Google’s compliance with EU “right to be forgotten” rules, the controversial law that allows individuals to request the removal of links from the search engine, is starting to come into play. At the same time, it’s revealing how trying to make people forget you all too often has the exact opposite effect.
Various outlets noticed links had been removed from certain search queries yesterday. James Ball at The Guardian wrote that the publication received automated emails from Google yesterday morning, notifying them that six of their articles had been removed from search results. Economics editor Robert Peston at the BBC wrote that he received the same notification for a piece he had written seven years ago.
Both outlets went on to publish stories about the “forgotten” articles. Which, of course, only made everyone remember them more. Even if you didn’t know about the stories in question beforehand, which their subjects clearly found embarrassing enough to demand a takedown, you do now. It’s a classic example of the Streisand effect: too much effort to detract attention from something only leads to greater awareness and scrutiny.
Peston wrote that his blog on former Merrill Lynch boss Stan O’Neal’s departure from the firm amid its collapse had been removed from some searches. Ball reported that three of the scrubbed Guardian articles included three about a controversy involving Scottish Premier League Dougie McDonald’s, a piece about solicitor Paul Baxendale-Walker facing allegations of fraud, and more bizarrely, the index page of a week’s worth of articles by one of the paper’s columnists. The last was an article about French office workers making art out of post-it notes.
It’s important to remember that the buck doesn’t really stop with Google for the takedowns—they opposed the European ruling but lost. The search giant didn’t reveal the reasons why these links were removed, though it seems clear the most likely basis for people wanting the links removed is reputation management. Though I, for one, am not sure what’s so bad about the post-it note art.
The plot thickens a little with the Merrill Lynch column, which Peston wrote still shows up in searches for Stan O’Neal—the only person mentioned by name in the piece—which he concludes suggests O’Neal might not have been behind the removal request.
In any case, I’m betting all the names above didn’t mean much to you (and I doubt many readers would have recalled the great French post-it art debacle of 2011) if no one had requested the links be “forgotten.” Asking for their removal only renews interest in the story, and as Google only removes the search results, not the pages themselves, traffic to the articles in question no doubt rebounded with vigour since yesterday thanks to pesky journalists calling attention to them with a convenient hyperlink.
Perhaps those who made the requests could go on to request that the subsequent articles about the removed links also vanish? I can envisage subjects and publishers chasing each other’s tales in a continuous loop of scrubbed links versus renewed coverage—though maybe those requesting removals may find themselves trapped in a Catch-22 at this point, as the search engine is only obliged to stop showing pages in response to certain searches if the information is “inadequate, irrelevant or no longer relevant.” Does the new interest—about the disappearance of the page from search results—ironically make the story newly relevant?

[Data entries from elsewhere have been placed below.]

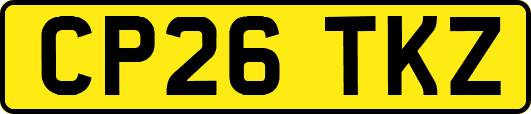 CP26TKZ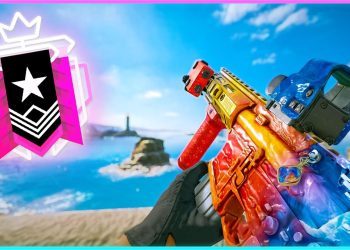 What 10,000 Hours Of Rainbow Six Siege Looks Like - Crimson Heist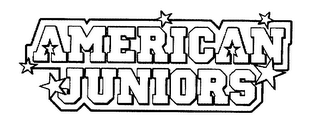 AMERICAN JUNIORS logo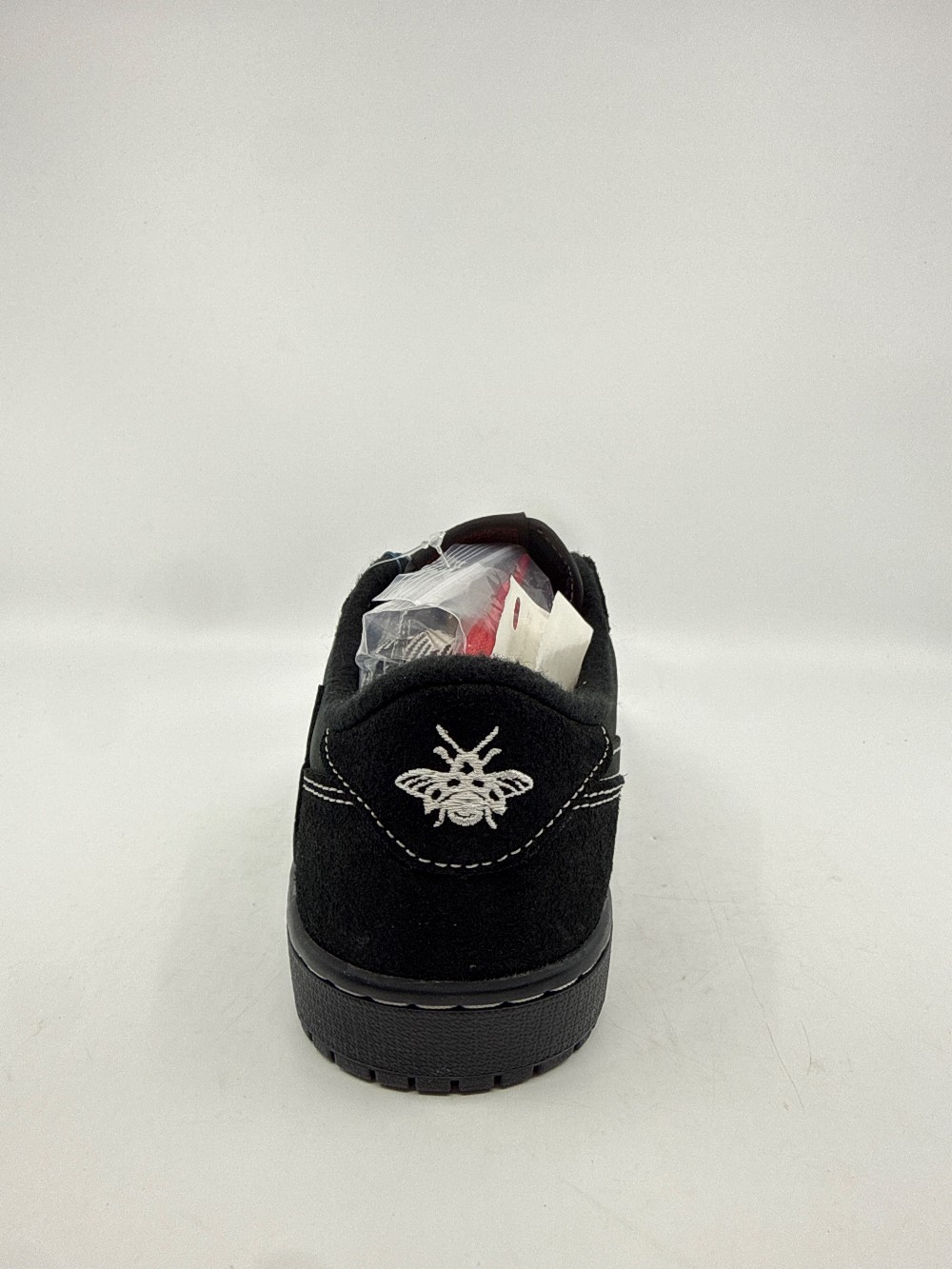 AJ 1 LOW X TRAVIS SCOTT - BLACK PHANTOM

The interest in these requests will of course deflate over time. Google told City AM today that it had received 50,000 requests since the ruling, and people will soon tire of writing stories about each and every one that is honoured.
But the whole mess shows that there are clearly still creases to iron out in how the ruling is executed, and it continues to face vigorous opposition. Over at Forbes, Kashmir Hill observed that European Google searches for pretty much every name appear with the disclaimer that, “Some results may have been removed under data protection law in Europe,” even if that individual hasn’t made any requests (I haven’t, and the notice appears if you search my name on google.co.uk).
The point is that you’re not supposed to know who has made requests for information to be removed, as the EU said it wasn’t in the spirit of the ruling to put a great big stamp on anyone’s search results that were censored.
But even if Google doesn’t, you can bet that someone will. This is the Internet, after all. The stories about individual cases may quickly die out as the news interest flounders, but I’d be surprised if there isn’t a free speech enthusiast out there coming up with a way to collate all the missing search results.
Ball, for instance, suggested that news outlets rebel against the ruling by posting links to any “disappeared” articles on Twitter. His proposed @gdnvanished account has already been made, though it’s unclear who’s behind it.
Despite the unprecedented ruling, the old wisdom still holds true: Once it’s on the Internet, there’s no taking it back.